Ainsi se termina ce colloque, curieux à consulter pour qui veut juger équitablement Montmorin. Le soir même, Soulavie rendit visite à la comtesse; il la trouva mourante de désolation et de terreur dans son lit. « Je ne suis pas Mme de Montmorin, lui dit-elle, craignant une embûche, mais je lui ferai porter les nouvelles que vous me donnez de son mari. » Soulavie, ému par tant de douleur, se retira sans insister pour la convaincre de son identité.
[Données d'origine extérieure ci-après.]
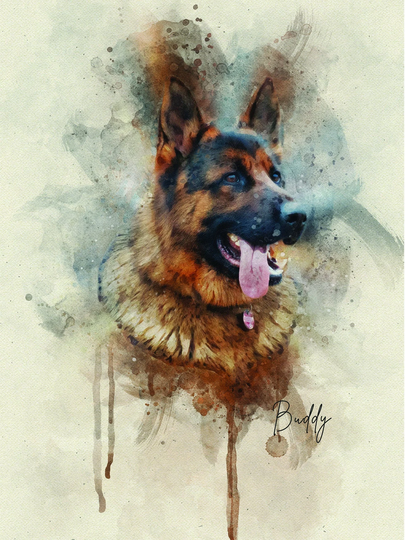 Custom Pet Portrait, Custom Dog Painting, Digital Watercolor Lover Gift, Memorial, Mom Art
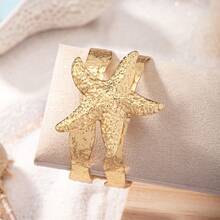 1 chiếc vòng tay dạng hở kết hợp hình dây thừng và sao biển được làm thủ công rỗng ruột, phù hợp với phong cách nghỉ dưỡng tối giản ven biển. - Vàng - Xem 7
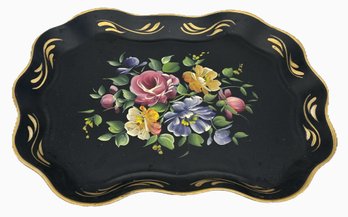 Well Executed NASHCO Products Tole Painted Metal Tray With Floral Design, 17.25' X 14.25'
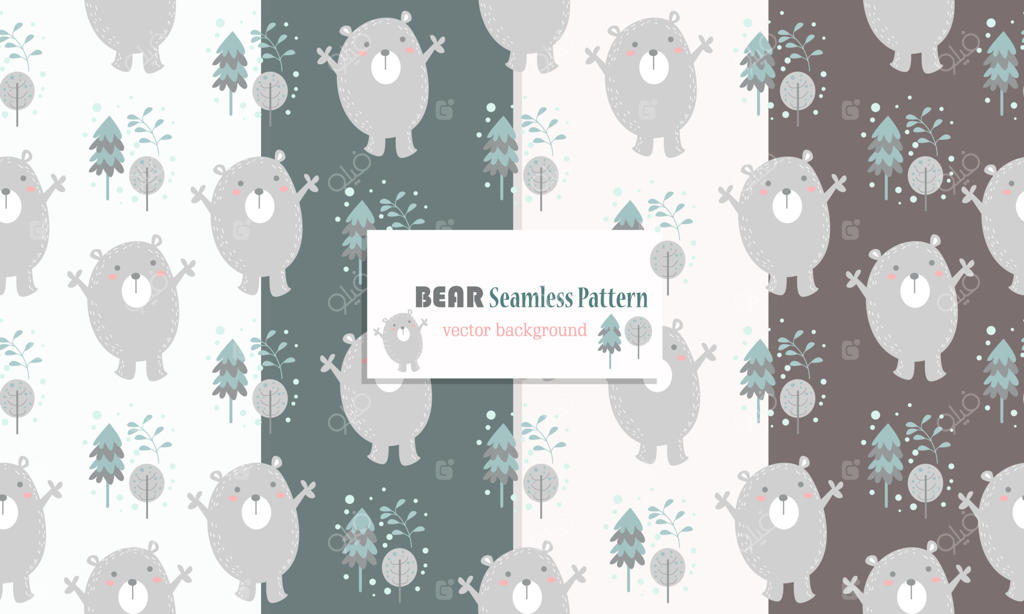 پترن یکپارچه حیوانات با طرح خرس بامزه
Le 31 août, Lasource lisait son rapport à la législative; il concluait, au nom des comités réunis, à la mise en accusation. Le seul grief retenu était le silence gardé par le ministre vis-à-vis des mouvemens et des desseins des princes rebelles. Tous les prétextes n’étaient-ils pas bons pour se débarrasser de l’ami du roi? Ce n’était pas impunément que Montmorin avait répondu un jour à Brissot que sa méchanceté et sa générosité lui étaient également indifférentes. Brissot ne lui pardonnait pas. En attendant le jugement, on conduisit Montmorin dans les cachots de l’Abbaye. Est-il vrai qu’il obtint que son fils Calixte vînt partager sa captivité? Est-il vrai qu’il écrivit une lettre suppliante à Danton? M. de Lamartine énonce ces faits, mais nous n’en avons pas trouvé de preuve. Est-il vrai enfin que, désespéré de la justice des hommes et n’ayant plus sur lui le poison qu’il avait emporté dans sa retraite de la rue Saint-Antoine, Montmorin brisa à coups de poing une table de bois de chêne? N’y a-t-il pas eu une confusion avec son cousin? L’éditeur des Mémoires sur les journées de septembre donne cet acte de colère comme certain, et l’attribue au père de Pauline de Beaumont.

Nous sommes arrivés au jour néfaste. C’est le 2 septembre[1]. Les nouvelles des armées françaises étaient mauvaises. L’ennemi était à quarante lieues de Paris. Verdun venait de capituler, Longwy était pris; on entendait de nouveau de toutes parts cet effrayant tocsin dont le souvenir était resté gravé dans les âmes depuis la nuit du 10 août. Les officiers et les soldats qui s’étaient rendus ce jour-là au peuple et qui avaient été mis sous la protection de la nation sont d’abord massacrés. On vient prendre Montmorin dans sa prison et on le met en face de ce tribunal qui s’était installé sur le lieu du crime. Maillard présidait. Montmorin déclare aussitôt qu’il ne reconnaît pas de pareils commissaires pour ses

  1. Procès-verbaux de la commune de Paris. Journées de septembre. Journiac de Saint-Méard, Mon Agonie de trente-huit heures.